Wildlife round-up – April

Welcome to the monthly round-up from the Tadorna Wildlife Hub. We’re looking forward to Spring and already seeing signs of activity around the Hub including buzzing bees and nesting birds!
You can keep regularly up to date with any sightings from the Garden and NNR, as well as seasonal highlights by popping into our Wildlife Hub (11 on your map).


First Willow Warbler was heard singing at the bottom of Fairy Woods on the 2nd April. The first weekend also provided several other Spring migrants returning to spend their summer months with us; Blackcaps, Barn Swallows and Chiffchaffs were all noted. Later in the month more returning migrants such as House martin and Garden warbler arrived.

We have also been following a pair of Mistle thrush that are nesting near the playground. The Female incubated her eggs for the first 2 weeks of April and they hatched near the end of the month. They are currently feeding 3 hungry chicks!


A Stoat was seen near the Gatehouse entrance on the first weekend of the month, whilst mammals are generally waking up at this time, we are still seeing activity from some species.

Butterflies, Bees & Moths:

Warm, sunny weather during the Easter period has allowed many spring insects to emerge. We have seen good numbers of Clarke’s mining bee along with their cleptoparasite, Early nomad bee. Nomad bees, which resemble a small wasp, lay their eggs in the nests of solitary bees and the larvae steal the food supply intended for their host.

Bumblebees have emerged too, with 4 different species seen during the month. The commonest of these is the Buff tailed bumblebee, which can be seen visiting spring flowers and searching for nesting sites in banks and old trees. The doubled walled garden and Wallace garden are both great places to find emerging bees.

During the warmer nights our moth trap has attracted some fantastic spring moths.
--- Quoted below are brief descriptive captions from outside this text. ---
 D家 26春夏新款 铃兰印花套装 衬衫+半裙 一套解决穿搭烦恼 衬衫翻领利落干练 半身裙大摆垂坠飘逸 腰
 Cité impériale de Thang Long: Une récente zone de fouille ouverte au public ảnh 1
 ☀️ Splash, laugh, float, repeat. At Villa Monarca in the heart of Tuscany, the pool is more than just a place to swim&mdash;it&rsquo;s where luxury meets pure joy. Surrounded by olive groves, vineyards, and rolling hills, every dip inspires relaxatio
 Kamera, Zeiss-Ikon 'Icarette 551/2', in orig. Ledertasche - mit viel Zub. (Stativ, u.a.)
Most of the species are designed to blend in with the dull colours of early spring but some species have beautiful markings, such as the Brindled beauty and Early thorn.

On the 16th we had very special visitor to the trap, a female Emperor moth! The males fly around in spring sunshine but the females are rarely seen and are one of the largest moths in Britain. Be sure to visit the hub to check out our catches!
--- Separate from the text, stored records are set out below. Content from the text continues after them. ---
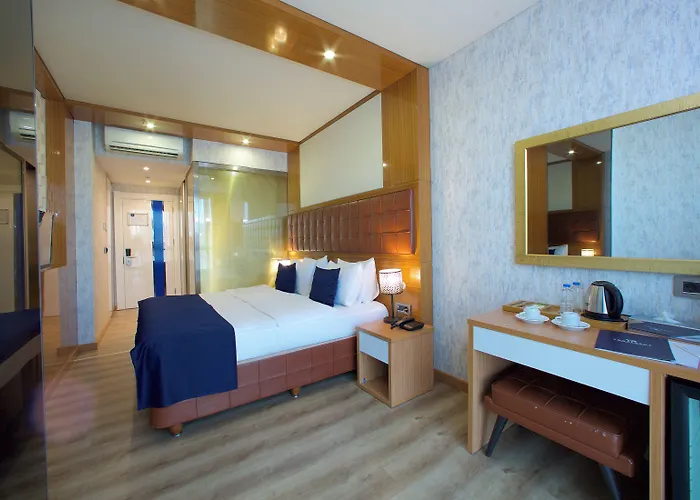 The Hera Platinum 4*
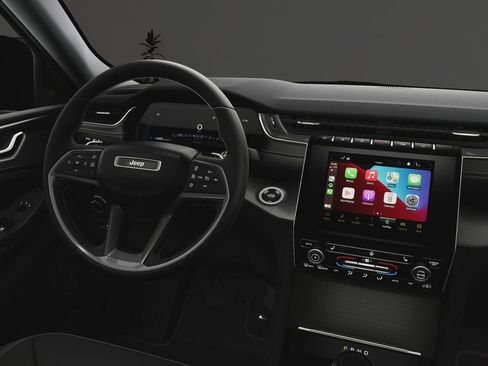 New 2025 Jeep Grand Cherokee Laredo X w/ Luxury Tech Group I AWD/4WD image 19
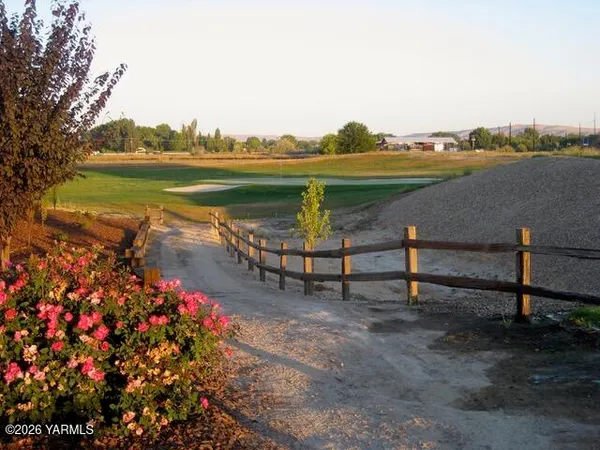 $459,000 | 705 Kachess Lane, Zillah, WA 98953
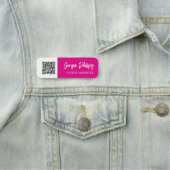 Porte-nom Code QR Fuchsia & Blanc Écriture Pinceau (En situation)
Butterflies have remained elusive but we have seen recently emerged individuals of Holly blue, Speckled wood and Brimstone. Later in the month the first Orange-tip was seen on the 22nd.


Some wild and wonderful creatures have been encountered on our minibeast hunt during the month. We have found lots of Centipedes, Millipedes, Woodlice, Spiders, Beetles and one lucky group even found a Common toad!

Our pond dipping sessions have also been a great success. The ponds are home to good numbers of both juvenile and adult Palmate newt along with Dragonfly and Damselfly larvae, Mayfly larvae, Pond snails and hundreds of Tadpoles. If your lucky you might even find a Great diving beetle which we have found on a few of our sessions.


At this time of the year the woodlands are alive with plants making the most of the sunlight, before the canopy begins to shade them out. Fairy woods has been carpeted with the white flowers of Wood anemone along with the yellow of Lesser celandine. Looking closer you may see less showy but equally important woodland plants such as Dog’s mercury, Common dog violet and Lords and ladies. The thin green leaves of Bluebell are also numerous ready for then bloom of purple flowers in weeks to come.